--- Data extracts Enclosed Below ---

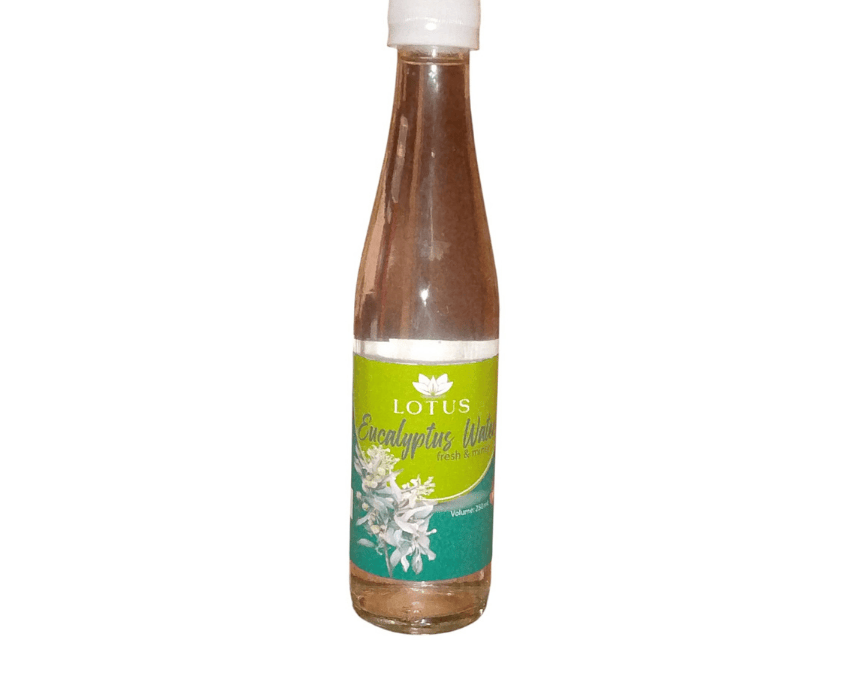 Eucalyptus Water
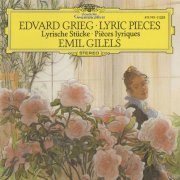 Emil Gilels - Grieg: Lyric Pieces (1974) CD-Rip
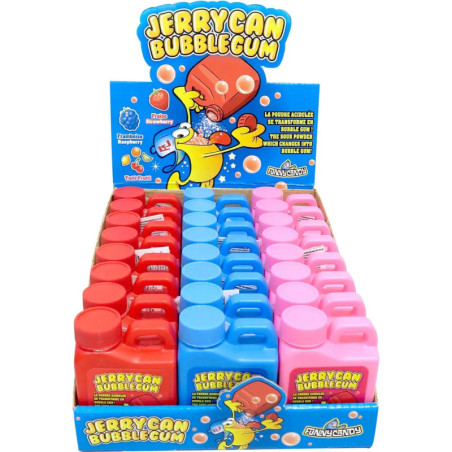Bubble Gum Kanister 35g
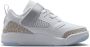 Jordan Spizike Low Unisex Schoenen Wit Maat: 33.5 Leer Foot Locker - Thumbnail 4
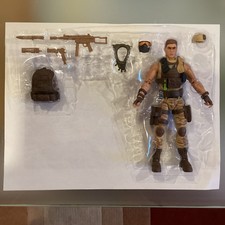 GI JOE CLASSIFIED SERIES #217 DUSTY ONLY picture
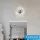 UNIVERSO Kristály függeszték 9xG9 Max60W IP20 króm ∅500mm
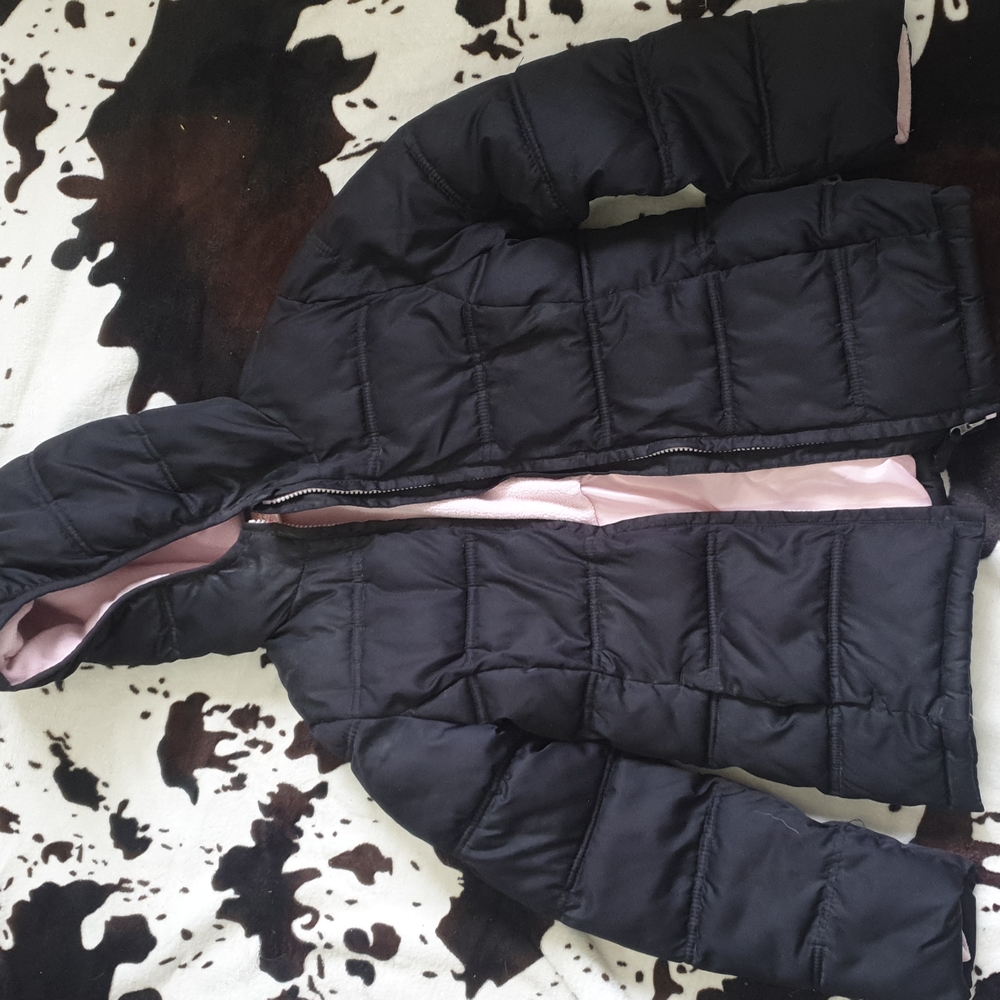 Girls winter coat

--- End of Enclosed Data extracts ---

# How to complete this task:
With every picture left out, print exactly the lines from the one containing "GI JOE CLASSIFIED" through the final line of the material above.

# Reply:
 GI JOE CLASSIFIED SERIES #217 DUSTY ONLY picture
 UNIVERSO Kristály függeszték 9xG9 Max60W IP20 króm ∅500mm
 Girls winter coat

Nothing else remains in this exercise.